Scores of scientists over the past century have considered Woods Hole their second home, and some chose it as their final place of rest.

Last summer, students from the Hydra Lab in the MBL Whitman Center created an interactive map of scientists' tombstones in the Church of the Messiah cemetery in Woods Hole.
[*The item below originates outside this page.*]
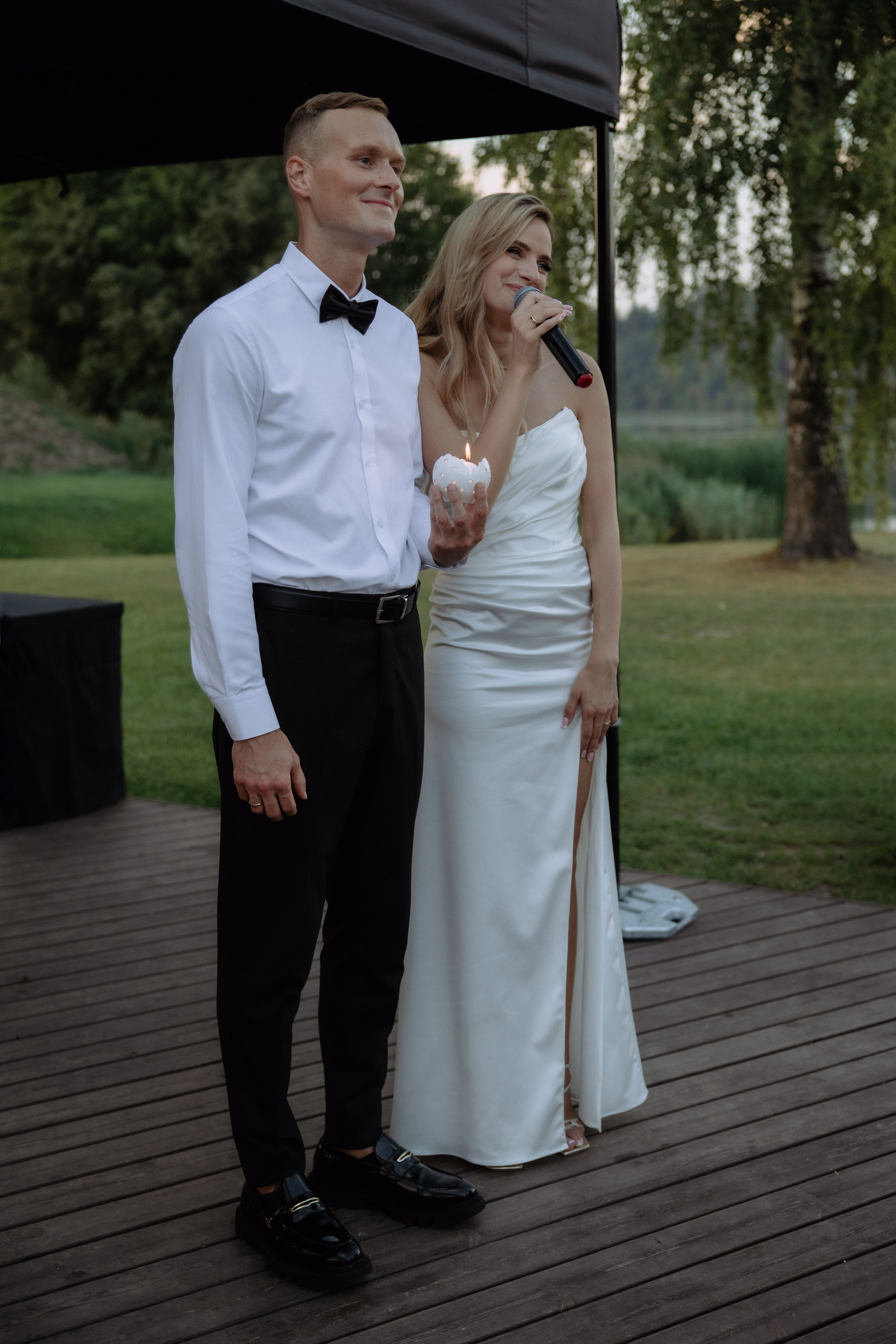 Agnė ir Donatas | 2023 | KAUNAS. Vestuvių ir šeimų fotografė Lena Bondarenko / belove photo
It's a fascinating tribute to an extraordinary scientific village.

Some of the gravestones (with brief bios) included are:

* Hans Albert Einstein, son of Albert Einstein

* Biologist Herman Eisen, whose gravestone reads “Supposing is good, but finding out is better"

* Ethel Browne Harvey, embryologist and regenerative biologist

* J. Woodland “Woody” Hastings, leader in the fields of bioluminescence and circadian rhythms

* Stephen Kuffler, “Father of Modern Neuroscience” and founder of the MBL Neurobiology course in 1970

* Frank R. Lillie of University of Chicago, second director of the MBL (1908-1925)

* Jacques Loeb, founder of the MBL Physiology course in 1892

* Nobel Laureates Otto Loewi, Albert Szent-Györgyi, and Selman Waksman

* Byron H. Waksman, scientist and science communicator, founder of the hands-on research course for science journalists at the MBL (1990)

* E.B. Wilson, author of the classic textbook, “The Cell in Development and Inheritance" (1900)

The interdisciplinary Hydra Lab, directed by Rafael Yuste of Columbia University, included 14 scientists from 9 institutions over the course of the summer at MBL. The lab is working toward cracking the neural code of Hydra, a small freshwater organism. Yuste and Rob Steele of University of California, Irvine, guided students Jordan Bolling (University of Alabama), Emma Paulini (Pomona College), and John Wang (Columbia University) in creating the tombstone map.